List dependencies of a package

Hi, I’m a developer for the Spack package manager. Spack is a general-purpose package manager, similar to Conda in the sense that it can build both Python and non-Python libraries. Like Conda, Spack package recipes explicitly list all build and run dependencies. Unlike Conda, Spack packages usually contain several different versions, each of which may have a different set of required dependencies. Obviously, this can be difficult to maintain, and we would like to find a way to automate this if possible.

Python packages can list their dependencies in one of several places:

  • pyproject.toml: usually just build dependencies are listed, unless tools like flit/poetry are being used
  • setup.cfg: only for projects that use the setuptools build system
  • setup.py: for packages that need to dynamically change their deps
  • requirements.txt: for packages that use pbr or load this file in their setup.py
  • any others?
  • possibly all of the above in a single project

In order to parse all of these, Spack would need parsers for TOML, INI, Python (not possible), TXT, and possibly more file formats.
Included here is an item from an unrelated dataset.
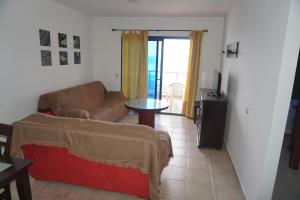 ein Wohnzimmer mit Sofa und Tisch in der Unterkunft APARTAMENTO PTO LAJAS VISTAS AL MAR in Puerto de las Lajas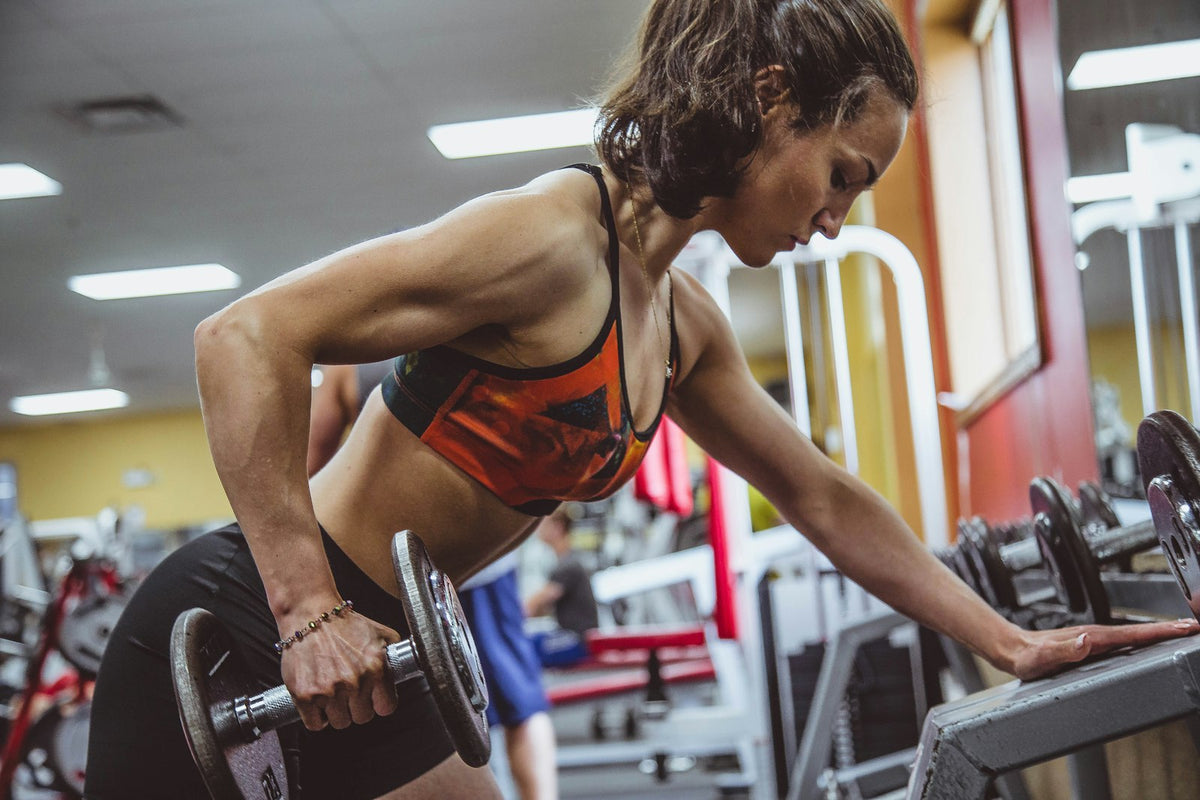 A lifter performing a slow, controlled dumbbell row with clean form in a quiet gym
However, pip seems to be able to parse all of these, and tries to download dependencies if they are missing. Is there any pip API to get this list of packages? Ideally I would be able to get back a list like:

build_requires = ['setuptools>=32', 'wheel']
install_requires = ['numpy~=1.21.0', 'colorama; platform=="Windows"']
extras_require = {
    'foo': ['foo', 'bar'],
    'baz': ['baz==1.2.3'],
}

If I can get that level of information, I can translate that to the equivalent Spack terminology. I can then do this for every version of every Python package, making it easier to update things.

Note that this is not a question of detecting which packages a library depends on (tools like findimports are designed for this). I simply want a list of dependencies declared by the package developers in the above files. If those dependencies are wrong, I would consider that to be a bug and report it to those package developers.
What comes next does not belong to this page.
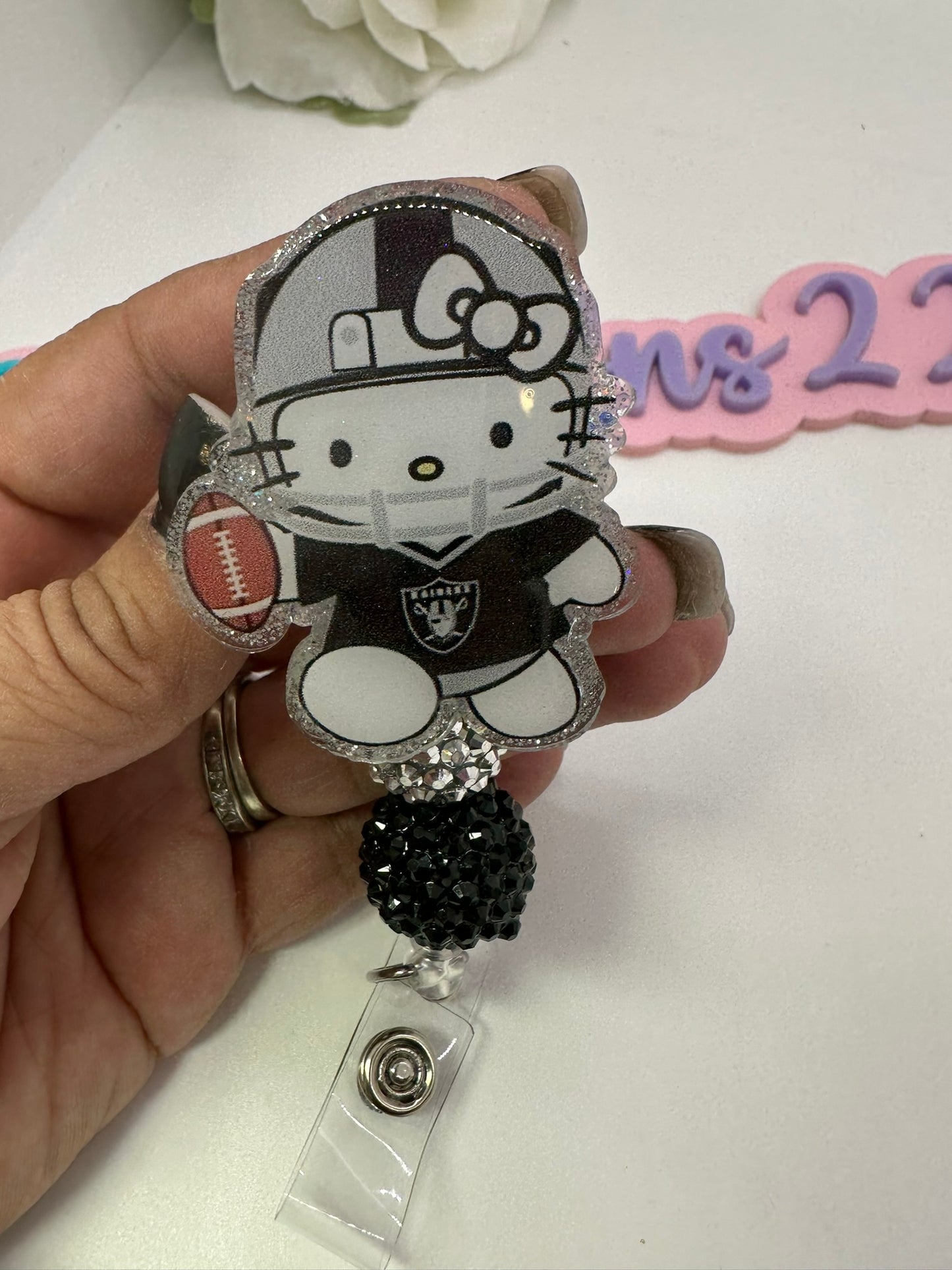 Kitty Silver Nation Badge Reel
P.S. I’m sure this is a common question, and I apologize if this is a duplicate. I saw many similar questions but haven’t yet found an identical post that answers my question.

1 Like

any others?

Off the top of my head, pipfile/pipfile.lock is still a relatively common one, and its important to note that setup.cfg uses a custom INI parser, and there are multiple formats for deps in pyproject.toml: build deps under [build-system], standardized PEP 621 runtime (“project”) deps under [project] , and deps for many of the non-setuptools build backends (Flit, Poetry, PDM, etc), each in their own tool-dependent format, under [tool]. Plus, there are “extras”, which are expressed differently for each formats, and legacy setup-requires and test-requires equivalents in some formats. In short…what a mess! Hopefully, someday they’ll all use PEP 621 project source metadata for runtime deps, and [build-system] for build deps, but that future is still years away.
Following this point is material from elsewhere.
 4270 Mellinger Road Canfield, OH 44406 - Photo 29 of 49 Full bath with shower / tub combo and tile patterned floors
However, pip seems to be able to parse all of these, and tries to download dependencies if they are missing. Is there any pip API to get this list of packages?

Disclaimer: I’m pretty far from a packaging expert unlike many users on here, so take this with a grain of salt, but the following is my high level understanding of the situation.

Historically, this worked because all packages used a setup.py, which pip would call as part of its build/install process, and then Setuptools (or the legacy distutils) would actually do the dirty work (or they used a requirements.txt, which had to manually be fed to pip with -r).

Nowadays, the way this works (for non-editable installs) is defined by PEP 517. Under the modern nomenclature, Setuptools is what we would call a build backend, which does the dirty work of taking the project source tree and transforming it into a distribution package that pip knows how to install, either a semi-standardized sdist, or ultimately a standardized wheel; while pip is a build frontend, which directly interacts with the user and calls the backend. Other package manager with their own tool-specific dep formats, including Poetry, pipenv, Flit, PDM, etc are all build backends, though some of them can act as frontends too.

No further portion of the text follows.